» **Short text fragments from websites**
**********
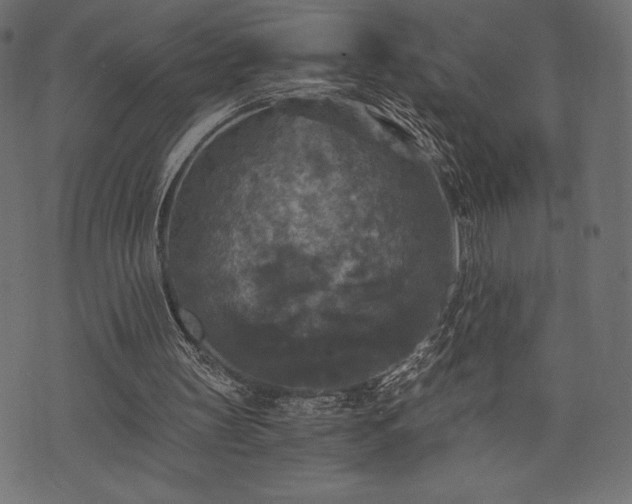 X0000073860147200608170951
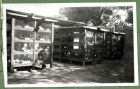Photograph of a chicken brooder for day old chicks, possibly taken in South Africa, c.1941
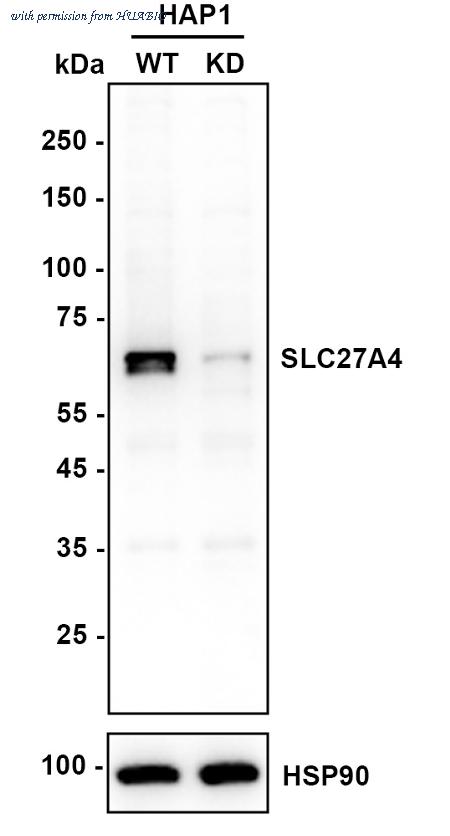 HUABIO HA720001 image 1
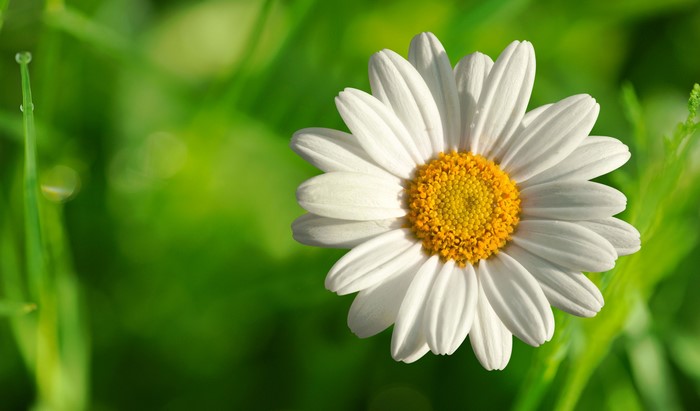 4K Closeup of a White Daisy with Yellow Center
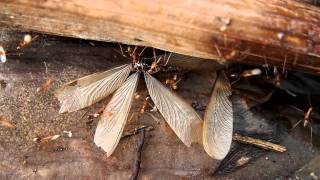 Anoplolepis Gracilipes, Camiguin, Philippines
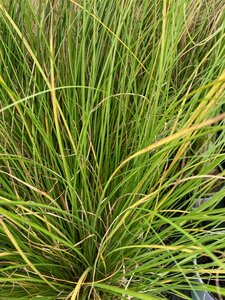 Carex Phoenix Green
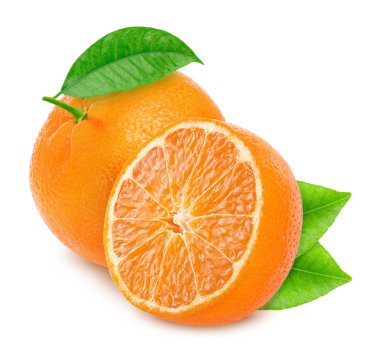 Beyaz arka planda izole edilmiş bütün ve yarıya indirilmiştir.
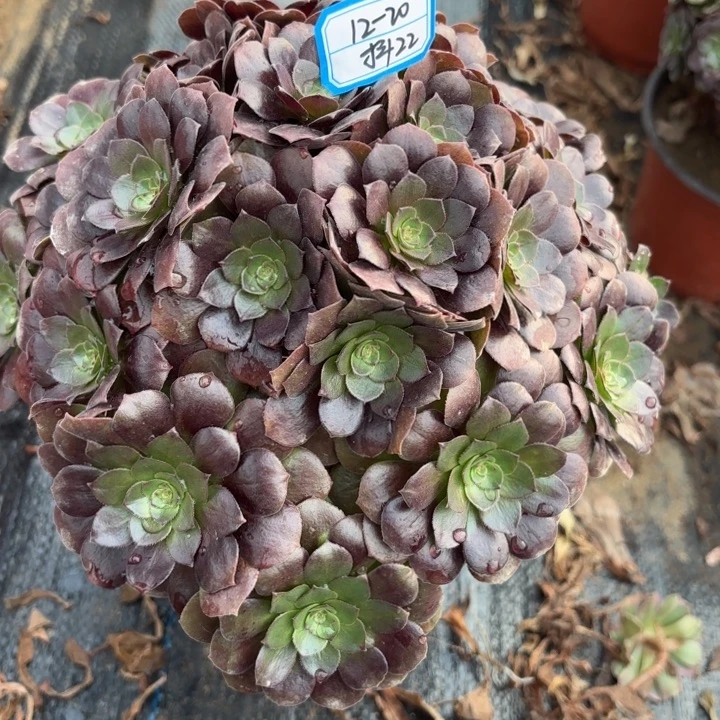 黑魔多肉法师不包损22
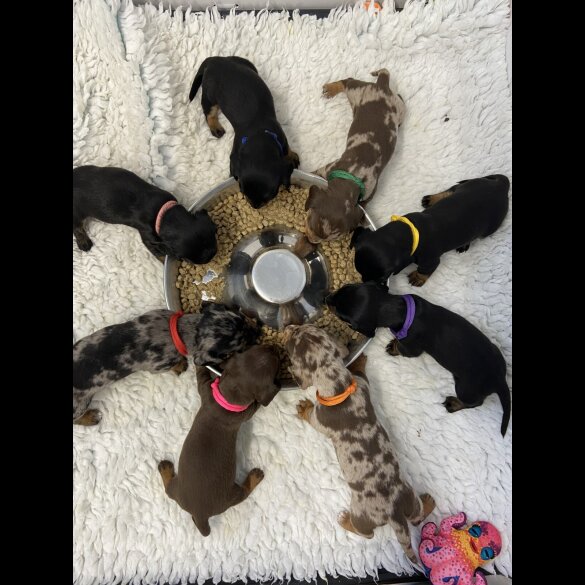 Dachshund (Standard &amp; Miniature) - Both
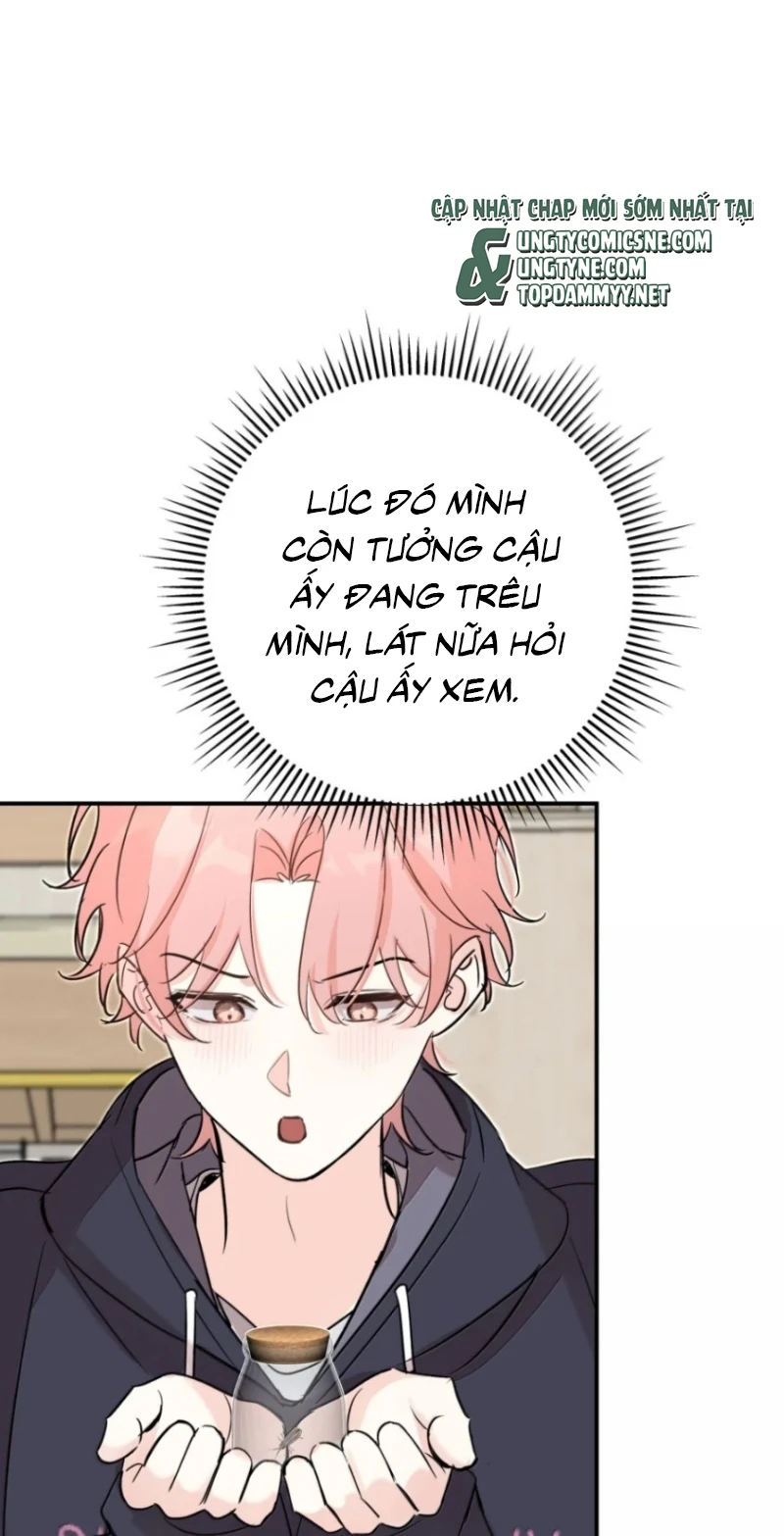 Hổ Ngửi Hoa Tường Vi Chapter 16 - 16
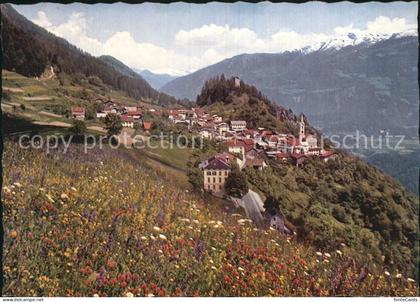 Trin mit Ruine Hohentrins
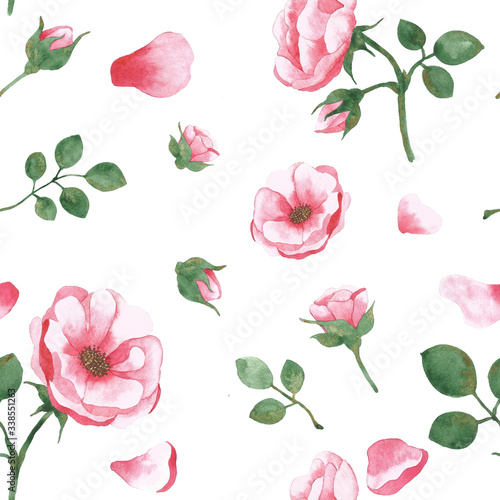 Set of watercolor drawing blooming rose hips with buds and green leaves. seamless pattern. Elements for design.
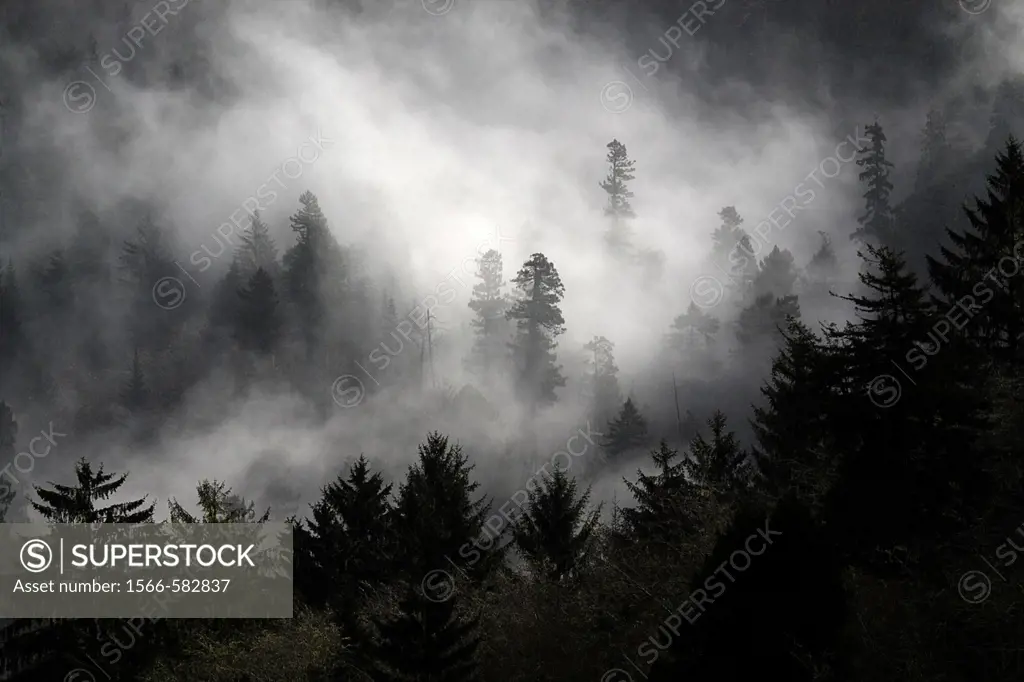 Morning fog enshrouds a pine tree forest along the Pacific Ocean in Oregon, United States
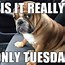 Image result for It's Tuesday Work Meme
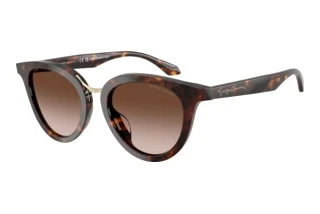 Vorderansicht Giorgio Armani AR8252U (612413)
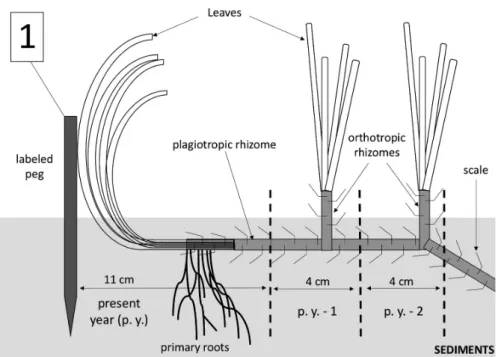 Fig. 5: Schematic representation of the P. oceanica meadow progression encompassing the present year (p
**********
» **TASK BRIEF**
All the records above need to be given again word for word. Skip the pictures.

» **SOLUTION TO THE EXERCISE**
 X0000073860147200608170951
Photograph of a chicken brooder for day old chicks, possibly taken in South Africa, c.1941
 HUABIO HA720001 image 1
 4K Closeup of a White Daisy with Yellow Center
 Anoplolepis Gracilipes, Camiguin, Philippines
 Carex Phoenix Green
 Beyaz arka planda izole edilmiş bütün ve yarıya indirilmiştir.
 黑魔多肉法师不包损22
 Dachshund (Standard &amp; Miniature) - Both
 Hổ Ngửi Hoa Tường Vi Chapter 16 - 16
 Trin mit Ruine Hohentrins
 Set of watercolor drawing blooming rose hips with buds and green leaves. seamless pattern. Elements for design.
 Morning fog enshrouds a pine tree forest along the Pacific Ocean in Oregon, United States
 Image result for It's Tuesday Work Meme
 Vorderansicht Giorgio Armani AR8252U (612413)
 Fig. 5: Schematic representation of the P. oceanica meadow progression encompassing the present year (p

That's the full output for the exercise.